Albert Einstein's "Happy Thought", the insight which resulted in General Relativity, was that a falling man feels no force.  Similarly, a T'ai Chi practitioner, when being pushed, feels no force.

When pushing, we are focusing the yang power, which is the male energy, the pillar of Wisdom in Masonic and Kabbalah symbolism.  When yielding, we are focusing the yin power, which is the female energy, the pillar of Strength in Masonic symbolism, and Understanding in Kabbalah symbolism.  The student is not at the mercy of yin and yang, he is the wielder of them, the one who uses these two great Forces to implement his will on Earth.  He is like the central pillar of Beauty in both Masonic and Kabbalah symbolism.  When the Candidate enters the Lodge for each degree, he is placed exactly in the center between the two pillars.  He thus may be thought to personify the Third Person of the Trinity, the balance point between Wisdom and Strength.  Pike goes to great lengths to describe the profound implications of this Royal Secret of equilibrium and balance of the two forces.  He uses the pillars on the tree of life of the Kabbalah to illustrate how the mystery of the balance is relevant between the pairs, such as Wisdom and Power, and applies this principle to all our actions in the world.  The middle pillar is, of course, Beauty, the person using his will and energy to implement this balance.

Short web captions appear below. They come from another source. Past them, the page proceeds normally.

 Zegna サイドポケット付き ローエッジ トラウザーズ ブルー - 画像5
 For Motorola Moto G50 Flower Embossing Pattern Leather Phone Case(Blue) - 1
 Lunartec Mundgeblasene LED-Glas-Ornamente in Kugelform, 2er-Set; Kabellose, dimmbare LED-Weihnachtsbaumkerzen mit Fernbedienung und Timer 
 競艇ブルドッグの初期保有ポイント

T'ai Chi also expands the scope of push hands to embrace many aspects of life, particularly the emotional encounters with another.  In arguments, it is well known that when someone is arguing with you, it is counterproductive to interrupt or argue back while he is still holding forth.  This is like butting.  It is better to yield, but holding light contact, which means no fear, no dirty looks, no impatience.  When the other is finished making his point, then you can make your point without aggressiveness, without overstating your case, which would be overextending yourself.  I think it is clear how this applies to all personal negotiations.

The medical establishment has studied many methods to improve balance among the elderly, to help them prevent falls and broken hips.  Among these are exercise balls, dancing, yoga, and the various forms and spin-offs of T'ai Chi.  It has been observed that T'ai Chi and practices based on this but targeted specifically for the elderly, is the best method for teaching balance.    It is often assumed that a broken hip in the elderly is the beginning of the downward spiral.  In addition, after falls, many elderly patients feared to go outside and brave steps and curbs, but those with T'ai Chi training were more confident, and therefore more mobile.  The mastery of balance frees them from fear and expands their lives.

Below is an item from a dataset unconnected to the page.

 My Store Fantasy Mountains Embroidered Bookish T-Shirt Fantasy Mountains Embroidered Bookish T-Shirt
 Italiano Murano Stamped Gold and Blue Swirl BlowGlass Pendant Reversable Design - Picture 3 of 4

T'ai Chi puts into physical practice, and helps to demonstrate, the universality of the Royal Secret.  It is intended that this "secret" be a part of your life, a part of your character, a part of your "practicing out of the Lodge those great moral duties inculcated in it."  The Royal Secret is not just a play to be enjoyed, or a teaching to be intellectually appreciated, but a "form" to be practiced in life.  Clearly, the lesson of the 32nd degree has universal appeal for all human endeavors.